23. The process of claim 12 wherein each powder in the aqueous mixture has a size less
than 20 µm.
24. The process of claim 12 wherein the step of heating comprises sintering the powder.
25. The process of claim 12 wherein the step of heating comprises feeding the powder through
a plasma gun.
26. A thermal spray coating comprising a layer of a substantially uniform coating composition
consisting of dicalcium silicate, sodium, a further ingredient selected from the group
consisting of phosphorous and zirconium, and incidental ingredients, the coating having
a coating surface and a web of interconnected, randomly oriented microcracks substantially
perpendicular to the coating surface.
27. The coating of claim 26 wherein the further ingredient comprises phosphorous, and
the dicalcium silicate is stabilized in a larnite phase that is majority by volume.
28. The coating of claim 27 wherein the sodium recited as disodium monoxide is present
in an amount of about 0.2% to 0.8%, and the phosphorous recited as phosphorous pentoxide
is present in an amount of about 2.5% to 4%, the percentages being by weight of oxide
based on the total composition.
29. The coating of claim 27 wherein the incidental ingredients comprise aluminum recited
as aluminum oxide up to about 2%.
30. The coating of claim 26 wherein the incidental ingredients comprise magnesium recited
as magnesium oxide up to about 0.5%.
31. The coating of claim 26 wherein the further ingredient comprises zirconium.
32. The coating of claim 31 wherein the sodium recited as disodium monoxide is present
in an amount of about 0.2% to 0.8%, and the zirconium recited as zirconium dioxide
is present in an amount of about 10% to 50%, the percentages being by weight of oxide
based on the total composition.
33. The coating of claim 31 wherein the zirconium is at least partially in the form of
zirconium dioxide containing calcium oxide as stabilizer of the zirconium dioxide.
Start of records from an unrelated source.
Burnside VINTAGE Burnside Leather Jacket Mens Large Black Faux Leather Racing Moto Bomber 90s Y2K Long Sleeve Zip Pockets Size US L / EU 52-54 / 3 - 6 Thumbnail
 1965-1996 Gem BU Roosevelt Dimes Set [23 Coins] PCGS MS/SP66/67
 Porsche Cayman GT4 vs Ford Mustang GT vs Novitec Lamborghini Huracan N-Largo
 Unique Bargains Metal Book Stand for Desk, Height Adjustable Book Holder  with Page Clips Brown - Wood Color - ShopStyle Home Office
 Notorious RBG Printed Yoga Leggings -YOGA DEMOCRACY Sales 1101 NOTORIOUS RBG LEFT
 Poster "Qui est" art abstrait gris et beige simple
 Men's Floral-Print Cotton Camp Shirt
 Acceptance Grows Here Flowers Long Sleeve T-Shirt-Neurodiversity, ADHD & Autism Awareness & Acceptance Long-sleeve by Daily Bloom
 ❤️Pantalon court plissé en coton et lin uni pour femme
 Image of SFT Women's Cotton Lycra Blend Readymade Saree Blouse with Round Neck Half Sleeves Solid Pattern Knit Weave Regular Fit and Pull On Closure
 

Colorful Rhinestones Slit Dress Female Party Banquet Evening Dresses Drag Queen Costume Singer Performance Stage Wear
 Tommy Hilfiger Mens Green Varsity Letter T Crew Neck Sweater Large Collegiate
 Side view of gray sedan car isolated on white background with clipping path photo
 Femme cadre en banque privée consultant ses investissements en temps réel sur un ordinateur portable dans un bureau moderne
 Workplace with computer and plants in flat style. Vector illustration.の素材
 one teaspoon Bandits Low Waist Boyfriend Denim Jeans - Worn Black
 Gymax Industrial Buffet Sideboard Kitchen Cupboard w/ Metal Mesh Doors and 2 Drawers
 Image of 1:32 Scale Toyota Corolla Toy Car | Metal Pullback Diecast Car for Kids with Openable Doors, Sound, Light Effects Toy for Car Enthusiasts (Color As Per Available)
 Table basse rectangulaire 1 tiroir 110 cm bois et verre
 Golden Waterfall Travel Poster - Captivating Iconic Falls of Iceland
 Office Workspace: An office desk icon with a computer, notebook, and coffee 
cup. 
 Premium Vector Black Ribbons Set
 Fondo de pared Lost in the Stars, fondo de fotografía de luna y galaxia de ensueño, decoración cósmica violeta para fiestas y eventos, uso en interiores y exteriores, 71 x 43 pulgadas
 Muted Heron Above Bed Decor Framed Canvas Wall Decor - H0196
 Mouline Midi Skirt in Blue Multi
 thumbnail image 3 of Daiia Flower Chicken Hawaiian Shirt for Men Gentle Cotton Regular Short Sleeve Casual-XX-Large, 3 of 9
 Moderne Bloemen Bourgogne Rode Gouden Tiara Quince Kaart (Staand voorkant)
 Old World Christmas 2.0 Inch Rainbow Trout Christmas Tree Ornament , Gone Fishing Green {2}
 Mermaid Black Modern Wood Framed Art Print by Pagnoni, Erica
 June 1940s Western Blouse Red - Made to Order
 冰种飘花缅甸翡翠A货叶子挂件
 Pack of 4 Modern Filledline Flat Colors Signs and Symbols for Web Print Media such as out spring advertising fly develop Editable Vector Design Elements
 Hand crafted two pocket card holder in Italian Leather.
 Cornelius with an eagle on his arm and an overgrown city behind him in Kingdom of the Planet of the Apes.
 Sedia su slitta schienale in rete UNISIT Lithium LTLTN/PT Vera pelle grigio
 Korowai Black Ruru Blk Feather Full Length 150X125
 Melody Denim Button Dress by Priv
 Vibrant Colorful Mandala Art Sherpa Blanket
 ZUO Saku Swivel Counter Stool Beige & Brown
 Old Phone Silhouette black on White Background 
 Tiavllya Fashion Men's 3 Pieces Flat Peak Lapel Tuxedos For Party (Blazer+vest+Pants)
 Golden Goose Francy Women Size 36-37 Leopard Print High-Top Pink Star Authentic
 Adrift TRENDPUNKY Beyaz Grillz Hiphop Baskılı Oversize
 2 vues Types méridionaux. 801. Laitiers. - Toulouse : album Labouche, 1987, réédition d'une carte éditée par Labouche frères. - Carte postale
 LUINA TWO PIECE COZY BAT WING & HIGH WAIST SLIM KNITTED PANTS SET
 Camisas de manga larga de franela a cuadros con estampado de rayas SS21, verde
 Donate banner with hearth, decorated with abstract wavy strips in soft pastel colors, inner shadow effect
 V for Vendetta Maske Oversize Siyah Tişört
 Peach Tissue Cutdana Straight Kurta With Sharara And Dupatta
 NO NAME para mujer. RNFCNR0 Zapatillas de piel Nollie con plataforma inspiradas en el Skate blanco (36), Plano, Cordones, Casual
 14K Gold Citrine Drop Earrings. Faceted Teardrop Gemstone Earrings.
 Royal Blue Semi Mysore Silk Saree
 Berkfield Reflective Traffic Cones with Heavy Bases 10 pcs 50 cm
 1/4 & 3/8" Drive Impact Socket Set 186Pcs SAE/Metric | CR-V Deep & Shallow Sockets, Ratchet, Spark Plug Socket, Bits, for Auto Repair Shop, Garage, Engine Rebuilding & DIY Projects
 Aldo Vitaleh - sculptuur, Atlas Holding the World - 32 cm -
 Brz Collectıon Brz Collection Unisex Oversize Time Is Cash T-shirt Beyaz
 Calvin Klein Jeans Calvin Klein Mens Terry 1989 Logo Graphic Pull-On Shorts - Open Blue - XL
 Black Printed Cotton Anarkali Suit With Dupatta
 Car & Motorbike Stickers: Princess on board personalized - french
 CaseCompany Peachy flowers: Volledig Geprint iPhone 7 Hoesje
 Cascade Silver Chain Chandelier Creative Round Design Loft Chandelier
34. The coating of claim 31 wherein the zirconium is at least partially in the form of
zirconium dioxide containing yttrium oxide as stabilizer of the zirconium dioxide.
35. The coating of claim 26 wherein the coating contains between about one and five microcracks
per cm of coating surface.
36. The coating of claim 26 wherein the layer of dicalcium silicate composition is between
about 50 µm and 200 µm thick.
37. The coating of claim 26 further comprising a bonding layer of a thermal sprayed nickel
or cobalt alloy on a metallic substrate, and an intermediate layer of a thermal sprayed
partially or fully stabilized zirconium oxide, the layer of dicalcium silicate composition
being thermal sprayed onto the intermediate layer, the bonding layer being between
about 100 µm and 200 µm thick, and the intermediate layer being between about 50 µm
and 200 µm thick, whereby the intermediate layer blocks reaction between the bonding
layer and the layer of dicalcium silicate composition.